Así que en esas andaba yo, entre
lechuga y espinacas, con mono de glúcidos y batallando contra los lípidos
que se agarran a mis caderas con resistencia numantina, cuando de repente
me entero, ya digo, por la prensa, de que la solución para todo este
embrollo interminable está en un sencillo principio de física: lo que
uno tiene en exceso, otra persona en algún lugar del mundo lo tiene en
defecto. Los bombones que guardo en el rincón secreto del cajón para
momentos de hedonismo solitario, son calorías que se restan de la dieta
de otro ser humano. Es cuestión de unirse al orden natural de las cosas y
dejar actuar el principio de los vasos comunicantes: los que tienen de más
se libran de un problema y los que tienen de menos ganan años de vida.

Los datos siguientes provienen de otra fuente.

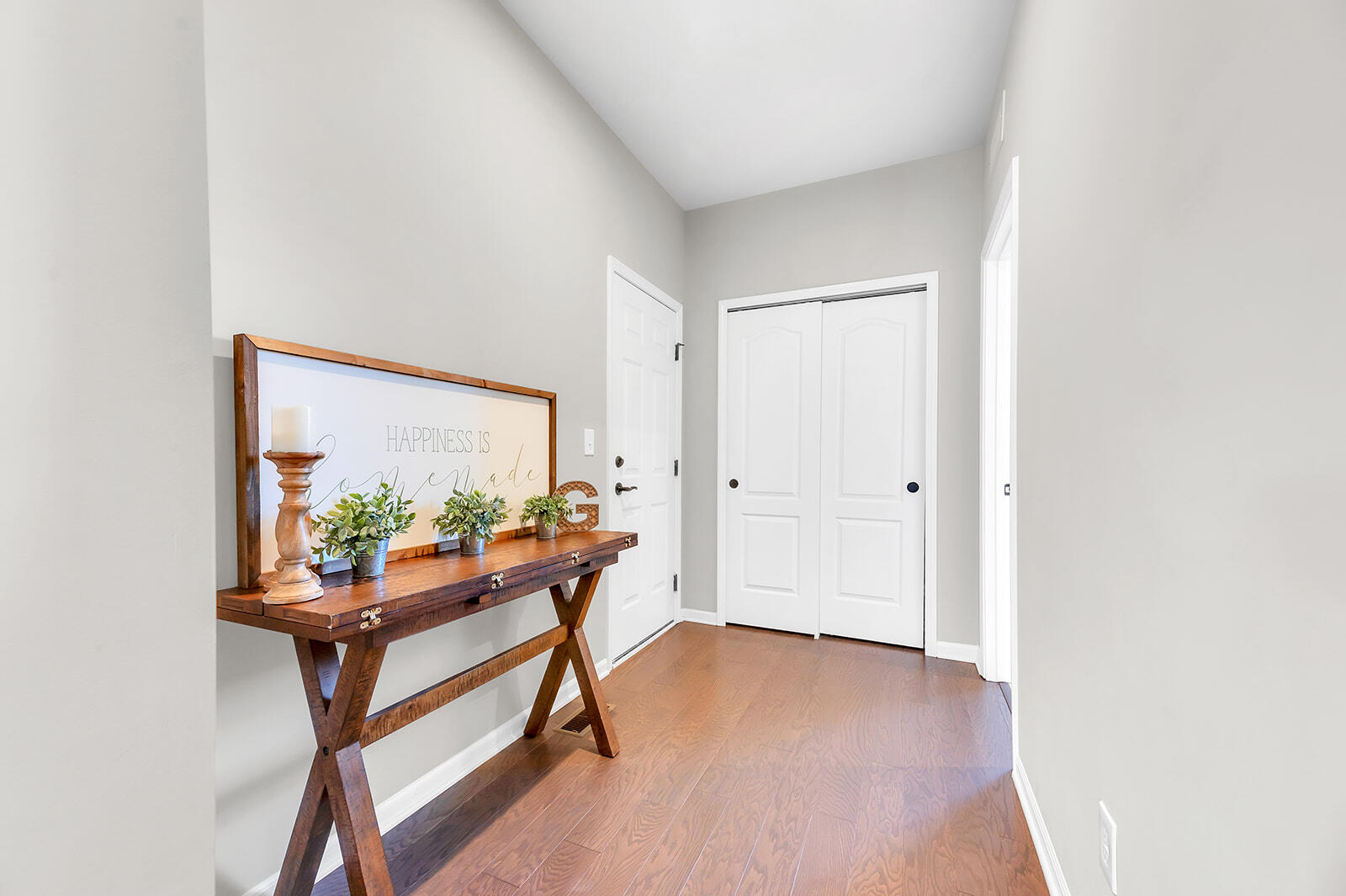 7420 Hardwood Cir Circle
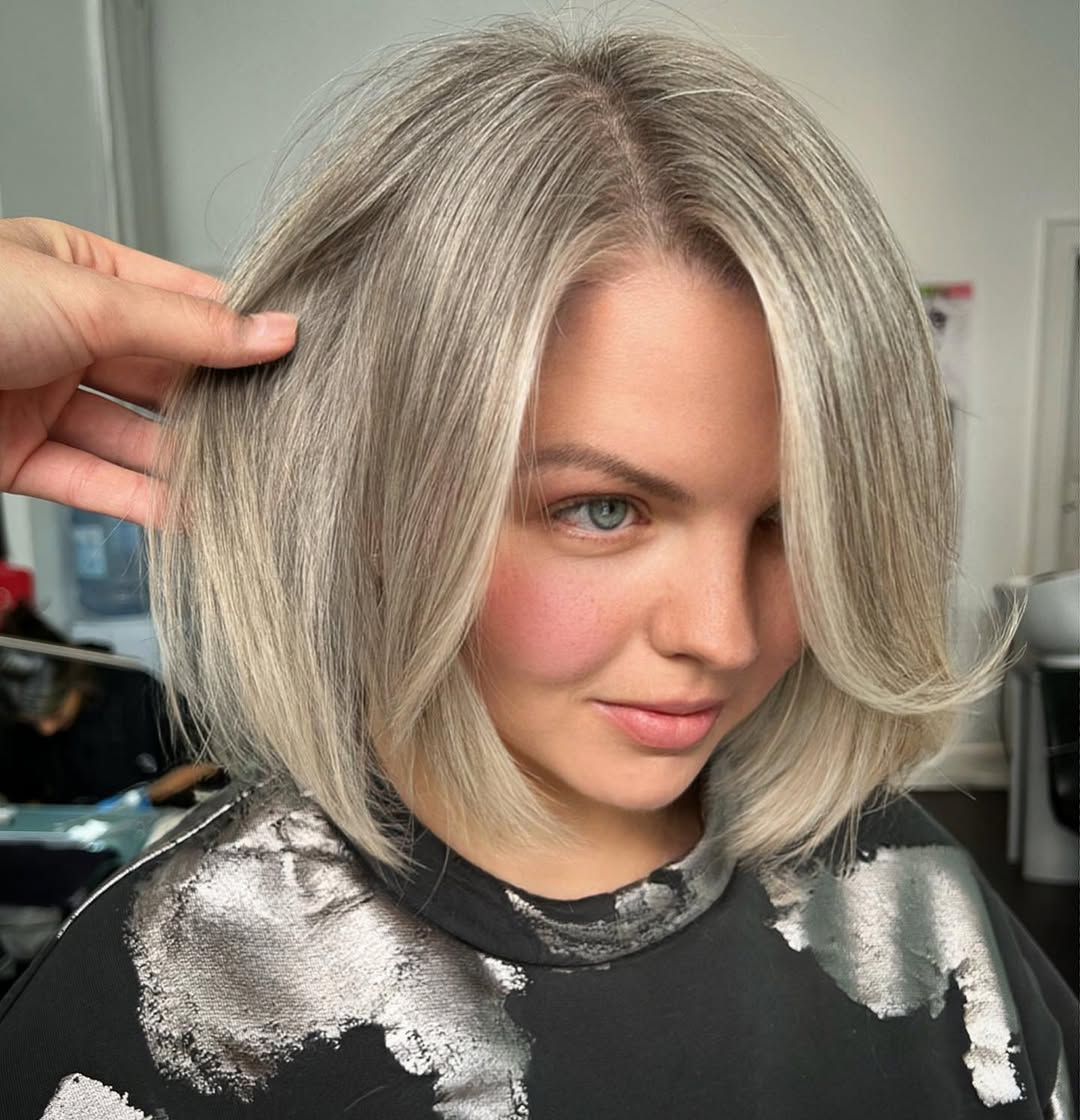 balayage gris sur blonde pour camoufler les cheveux grisonnants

Nada de dietas, abajo la esclavitud de la cinta métrica: es una cuestión
de conciencia global. De solidaridad, vaya. Cada uno que se limite a su
ración y no se zampe la del vecino.
Claro que sé que esta resolución
no va a acabar con el hambre en el mundo, ni mucho menos, porque eso no
está directamente en manos de ninguno de nosotros, ni tiene que ver con
esa reserva de chocolate que guardo para momentos de crisis -es una cuestión
de prioridades políticas, no de gula-, pero sí tiene que ver con la
responsabilidad individual de buscar el equilibrio en uno mismo y en lo
que tiene más cerca, por ejemplo, el propio cuerpo. No es decente comer
como un animal cuando hay quien no tiene donde hincar el diente, como
tampoco es decente volcar camiones de tomates ni vaciar cargamentos de plátanos
en el mar porque alguien se saca de la manga que hay exceso de producción
y que el mercado está saturado; ni gastar veinte litros de agua para
lavarse los dientes cuando hay millones de personas que tienen que caminar
kilómetros para conseguir la cuarta parte; ni perder el sentido en las
rebajas, ni gastarse cien mil pesetas en una correa de perro (lo he visto
en una revista, lo juro). El mundo desarrollado, en el que parece que
estamos nosotros, tiene una sobredosis de soberbia que se refleja en
cientos de actitudes individuales, que si bien una a una no cambian el
devenir del mundo, sí construyen una cultura basada en el exceso: cuanto
más, mejor. Esta premisa se aplica en todos los terrenos, desde los ceros
de la cuenta bancaria hasta las dimensiones del pene: mejor que sobre y no
que falte. La sociedad nos educa para celebrar la abundancia, y mira con
lupa a ese especímen extraño que procura ceñirse a sus necesidades.
Yo al menos, prefiero apostar por el
equilibrio en general antes que sufrir el "síndrome del
bikini", ese estrés primaveral que impone la publicidad para
obligarnos a las féminas a llegar a junio convertidas en walkirias.